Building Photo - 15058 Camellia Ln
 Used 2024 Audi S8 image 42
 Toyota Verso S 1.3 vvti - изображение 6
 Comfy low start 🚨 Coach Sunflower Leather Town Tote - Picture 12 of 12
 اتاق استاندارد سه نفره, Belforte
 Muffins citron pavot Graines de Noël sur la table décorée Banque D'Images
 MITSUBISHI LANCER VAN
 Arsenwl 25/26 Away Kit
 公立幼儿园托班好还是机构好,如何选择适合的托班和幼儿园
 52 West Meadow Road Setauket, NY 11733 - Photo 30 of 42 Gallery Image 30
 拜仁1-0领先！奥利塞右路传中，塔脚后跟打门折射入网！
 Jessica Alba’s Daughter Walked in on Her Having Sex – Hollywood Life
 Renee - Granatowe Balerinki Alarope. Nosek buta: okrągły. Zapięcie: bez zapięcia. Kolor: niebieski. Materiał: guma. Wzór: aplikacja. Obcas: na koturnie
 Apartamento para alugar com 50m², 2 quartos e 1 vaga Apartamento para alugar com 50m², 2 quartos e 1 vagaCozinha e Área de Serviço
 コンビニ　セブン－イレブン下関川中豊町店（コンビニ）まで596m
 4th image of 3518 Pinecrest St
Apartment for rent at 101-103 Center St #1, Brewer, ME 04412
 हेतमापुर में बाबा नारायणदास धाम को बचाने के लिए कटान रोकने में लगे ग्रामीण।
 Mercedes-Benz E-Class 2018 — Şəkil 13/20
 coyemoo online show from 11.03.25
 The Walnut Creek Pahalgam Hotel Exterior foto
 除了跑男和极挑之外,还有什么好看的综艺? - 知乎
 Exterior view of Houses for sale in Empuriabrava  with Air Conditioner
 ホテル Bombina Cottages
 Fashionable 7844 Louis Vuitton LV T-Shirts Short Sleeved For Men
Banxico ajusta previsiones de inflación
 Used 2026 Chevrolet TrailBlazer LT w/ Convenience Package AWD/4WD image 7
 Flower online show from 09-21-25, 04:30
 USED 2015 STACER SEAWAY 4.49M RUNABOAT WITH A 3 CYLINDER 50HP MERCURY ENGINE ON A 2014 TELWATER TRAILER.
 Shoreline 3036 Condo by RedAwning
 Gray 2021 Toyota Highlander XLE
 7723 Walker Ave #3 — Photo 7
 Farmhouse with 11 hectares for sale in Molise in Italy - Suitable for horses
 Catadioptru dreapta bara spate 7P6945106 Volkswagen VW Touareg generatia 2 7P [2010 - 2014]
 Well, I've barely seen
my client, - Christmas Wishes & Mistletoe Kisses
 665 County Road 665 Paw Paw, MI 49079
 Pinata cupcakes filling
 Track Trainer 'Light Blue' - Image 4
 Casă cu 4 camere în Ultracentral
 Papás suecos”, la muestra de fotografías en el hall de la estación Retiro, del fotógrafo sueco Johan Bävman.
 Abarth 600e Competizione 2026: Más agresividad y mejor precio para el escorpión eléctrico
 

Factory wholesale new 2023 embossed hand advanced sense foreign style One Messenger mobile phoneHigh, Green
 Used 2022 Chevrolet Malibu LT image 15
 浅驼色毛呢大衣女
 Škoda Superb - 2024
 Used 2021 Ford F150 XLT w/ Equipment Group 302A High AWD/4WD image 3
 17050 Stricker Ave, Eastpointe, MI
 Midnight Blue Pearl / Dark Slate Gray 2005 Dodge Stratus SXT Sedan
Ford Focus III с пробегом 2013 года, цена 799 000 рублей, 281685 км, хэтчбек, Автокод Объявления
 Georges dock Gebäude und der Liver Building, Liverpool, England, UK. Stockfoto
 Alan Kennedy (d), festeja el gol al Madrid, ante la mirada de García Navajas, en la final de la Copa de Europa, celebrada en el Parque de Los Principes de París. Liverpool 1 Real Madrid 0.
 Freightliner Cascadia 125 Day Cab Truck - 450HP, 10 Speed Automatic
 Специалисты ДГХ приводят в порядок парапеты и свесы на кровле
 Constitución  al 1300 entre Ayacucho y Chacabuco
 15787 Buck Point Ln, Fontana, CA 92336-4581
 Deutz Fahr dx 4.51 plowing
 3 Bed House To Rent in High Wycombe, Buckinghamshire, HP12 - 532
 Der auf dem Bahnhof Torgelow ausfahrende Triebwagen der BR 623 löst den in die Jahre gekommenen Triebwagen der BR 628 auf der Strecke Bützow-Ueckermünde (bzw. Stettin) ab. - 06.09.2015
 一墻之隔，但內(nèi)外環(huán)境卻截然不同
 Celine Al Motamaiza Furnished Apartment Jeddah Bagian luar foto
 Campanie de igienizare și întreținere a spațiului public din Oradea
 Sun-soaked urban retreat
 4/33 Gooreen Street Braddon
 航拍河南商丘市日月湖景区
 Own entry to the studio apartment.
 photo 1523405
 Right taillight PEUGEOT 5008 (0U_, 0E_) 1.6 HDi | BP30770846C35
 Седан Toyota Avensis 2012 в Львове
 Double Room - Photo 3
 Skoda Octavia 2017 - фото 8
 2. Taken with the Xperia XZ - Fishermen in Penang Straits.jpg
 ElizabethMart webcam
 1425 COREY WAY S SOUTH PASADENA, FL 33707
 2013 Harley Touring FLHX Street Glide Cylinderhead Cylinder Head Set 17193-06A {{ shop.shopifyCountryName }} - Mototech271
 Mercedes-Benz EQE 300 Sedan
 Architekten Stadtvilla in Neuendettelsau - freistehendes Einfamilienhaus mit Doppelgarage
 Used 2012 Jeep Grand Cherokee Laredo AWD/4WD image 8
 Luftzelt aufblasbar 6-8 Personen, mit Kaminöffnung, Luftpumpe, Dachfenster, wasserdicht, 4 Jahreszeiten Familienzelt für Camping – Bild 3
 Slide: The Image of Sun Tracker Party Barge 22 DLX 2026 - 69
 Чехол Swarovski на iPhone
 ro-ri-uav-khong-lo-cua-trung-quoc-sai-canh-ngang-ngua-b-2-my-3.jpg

______________________________

Instructions for the task: After locating the line with "4/33 Gooreen Street Braddon" above, return that line and every later line through the one with "Mercedes-Benz EQE 300 Sedan", word for word and with nothing else.

Reply to the exercise:
 4/33 Gooreen Street Braddon
 航拍河南商丘市日月湖景区
 Own entry to the studio apartment.
 photo 1523405
 Right taillight PEUGEOT 5008 (0U_, 0E_) 1.6 HDi | BP30770846C35
 Седан Toyota Avensis 2012 в Львове
 Double Room - Photo 3
 Skoda Octavia 2017 - фото 8
 2. Taken with the Xperia XZ - Fishermen in Penang Straits.jpg
 ElizabethMart webcam
 1425 COREY WAY S SOUTH PASADENA, FL 33707
 2013 Harley Touring FLHX Street Glide Cylinderhead Cylinder Head Set 17193-06A {{ shop.shopifyCountryName }} - Mototech271
 Mercedes-Benz EQE 300 Sedan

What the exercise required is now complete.